The U.S. GAO published an annual report examining the extent to which, and how, financial regulators performed the required Regulatory Flexibility Act (RFA) analyses and established policies and procedures for complying with the RFA requirements, among other objectives. GAO reviewed the RFA section of financial regulators’ Federal Register notices of rule making, related internal work papers, and policies and procedures for conducting RFA analyses. GAO also determined the extent to which regulators’ analyses reflected RFA requirements, guidance issued by the Office of Advocacy, and OMB guidance on regulatory analysis.
To comply with the RFA, agencies must assess the rule’s potential impact on small entities and consider alternatives that may minimize any significant economic impact of the rule. Alternatively, agencies may certify that a rule would not have a significant economic impact on a substantial number of small entities. GAO found several weaknesses with the analyses of six financial regulators—FED, OCC, FDIC, SEC, CFTC, and CFPB—that could undermine the goal of RFA and limit transparency and public accountability, as shown in the following examples:
- Certifications. In certifications for rules that regulators determined may affect small entities, regulators conducted analyses to support their conclusions. GAO found that, in general, analyses across all regulators lacked key information the Small Business Administration’s Office of Advocacy and the OMB recommend. Missing information included discussions of data sources or methodologies, consideration of broader economic impact of the rule making, and definitions of the criteria regulators used for substantial number and significant economic impact.
- Regulatory flexibility analyses. In many of the initial and final regulatory flexibility analyses that GAO reviewed, financial regulators’ evaluation of key components required by RFA—potential economic effects and alternative regulatory approaches—was limited. Most regulators (five of six) did not disclose data sources or methodologies used for their analyses, as OMB recommends. For most rules that GAO reviewed, regulators (five of six) were unable to provide documentation supporting their regulatory flexibility analyses, as OMB recommends, including analyses supporting certification decisions. However, the extent of documentation varied by regulator.

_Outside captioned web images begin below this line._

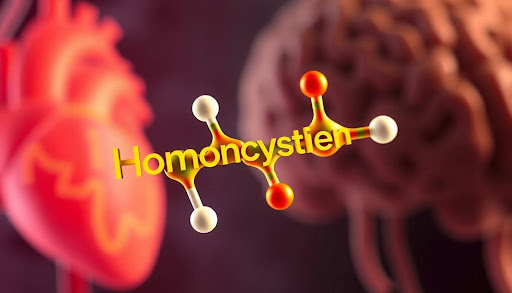 Elevated Homocysteine 17.46: What You Need to Know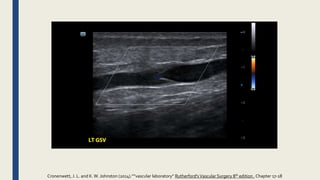 Cronenwett, J. L. and K.W. Johnston (2014).””vascular laboratory” Rutherford'sVascular Surgery 8th edition , Chapter 17-18
 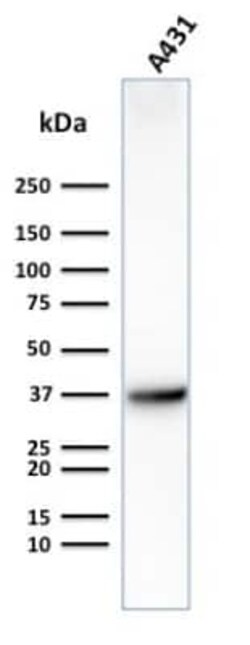 Glut1 Antibody (GLUT1/2475), Novus Biologicals:Antibodies:Primary Antibodies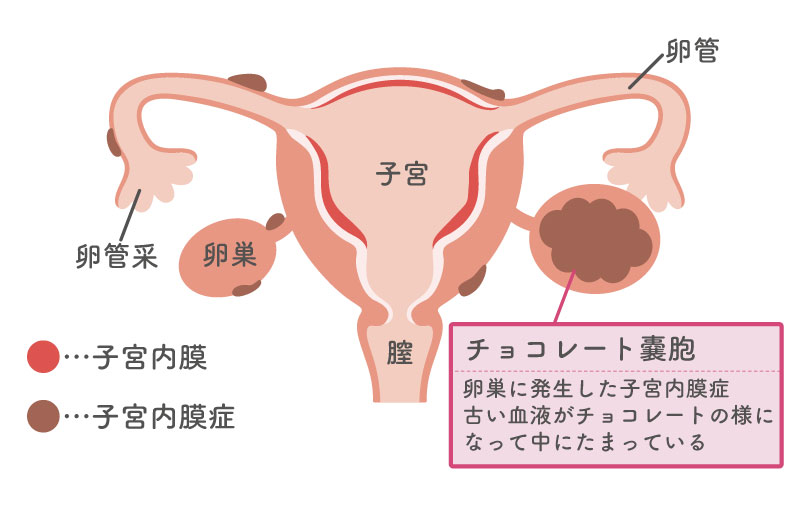 m3.com 電子書籍 | 癌取扱い規約抜粋 消化器癌・乳癌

Federal internal control standards state the importance for agency management to establish policies and procedures to achieve objectives. All but one of the financial regulators have guidelines that restate RFA requirements for certification and for preparing regulatory flexibility analyses and provide some information on how to approach these analyses. However, these regulators generally have not developed specific policies and procedures to assist staff in complying with RFA, which may contribute to the weaknesses GAO identified in the analyses. By not developing and implementing comprehensive policies and procedures for RFA analyses, regulators’ ability to consistently and effectively meet RFA objectives may be limited. GAO is making 10 recommendations among the six financial regulators reviewed, including that regulators develop and implement specific policies and procedures for consistently complying with RFA requirements and related guidance for conducting RFA analyses. Five agencies generally agreed with the recommendations and one did not provide written comments.